3. So what does that look like? First, I want to be clear about my rhetoric: some redistribution is worth doing, if it keeps the peace and increases overall engagement. Second, while my comments about parli may have been somewhat disparaging, I don't think it's value-less, and PF with adults doing the judging and tamping down the drinking may be rather more so. The trick is how to avoid bifurcation, with the kids who want to put in more effort going to camp, then pushing the bounds of high-overhead debate and pushing for judges who let them do that. If those kids don't get those judges, they're cranky. If they do, their opponents are cranky. PF is already seeing these tensions.

Well, the high school debate event that has totally avoided the NDT-track is congress. Why?
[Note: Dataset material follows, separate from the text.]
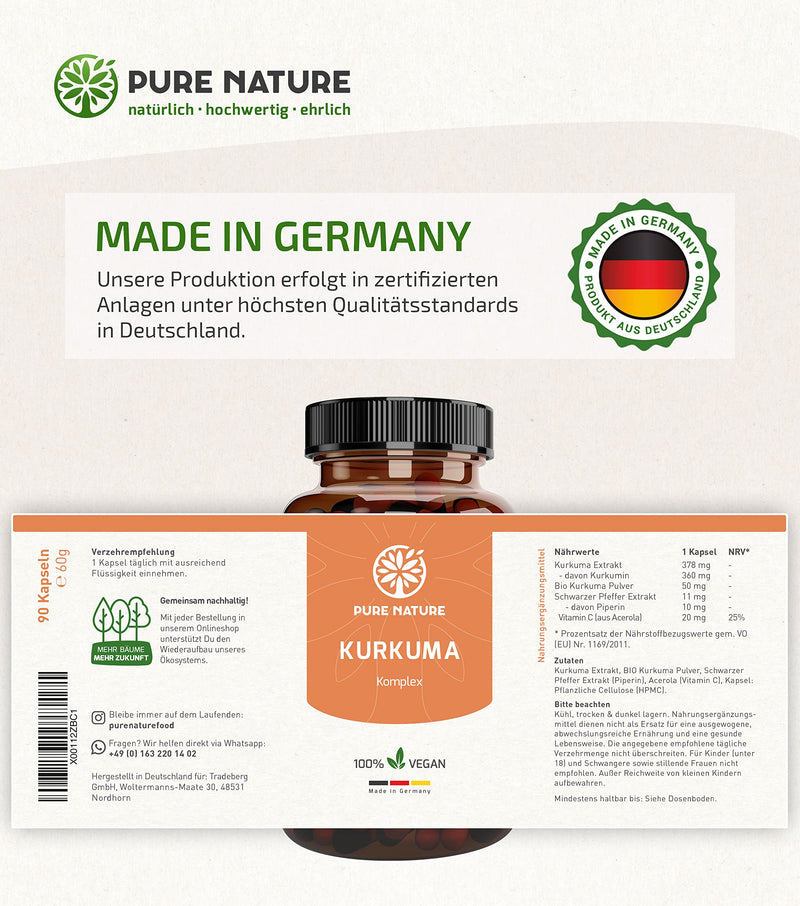 Pure Nature Turmeric Capsules Complex HIGH DOSE [1 capsule/day I 12,000 mg Curcuma] - Curcuma Capsules High Dose with Vitamin C & Piperine - 90 Turmeric Capsules - Made in Germany - NewNest Australia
Well, topics change constantly, so camps focus more on general speaking and research ability than 'winning' debates, judge intervention is institutionalized and expected (your speech will rate lower if you say dumb things, even if no later speech addresses this) and perhaps most fundamentally it's ranked rather than win/lose, which makes the intervention more appropriate and less galling. The trouble with congress is that (like college parli) the students write the topics which are often poor and long chains of unaffiliated debaters have little incentive to engage the topics deeply, so debates are terminally boring.

Proposal: British parli, with extemp topics, and no limits on outside resources (like extemp). Debaters and teams are ranked, like congress, with similar judging norms. Topics change by the round, so camps are out of the picture. Eight speeches per debate, rather than 38, make debates more tractable, focused, and interesting, with defined speaker responsibilities. Also, if congress and PF can both be folded in, and extempers feel free to join occasionally, we get some of that natural strength in numbers, with real local/regional circuits. The educational value of an extemp-debate hybrid should be clear.

I know proposing a whole new/consolidated event seems like a difficult/expensive solution to an event's internal problems, but I really think PFD is headed right down the same rails as LD and Policy before it. Even those who share that aesthetic preference, like me, should resist that because it further segments those who want to do NDT-style debate and locks out those who don't.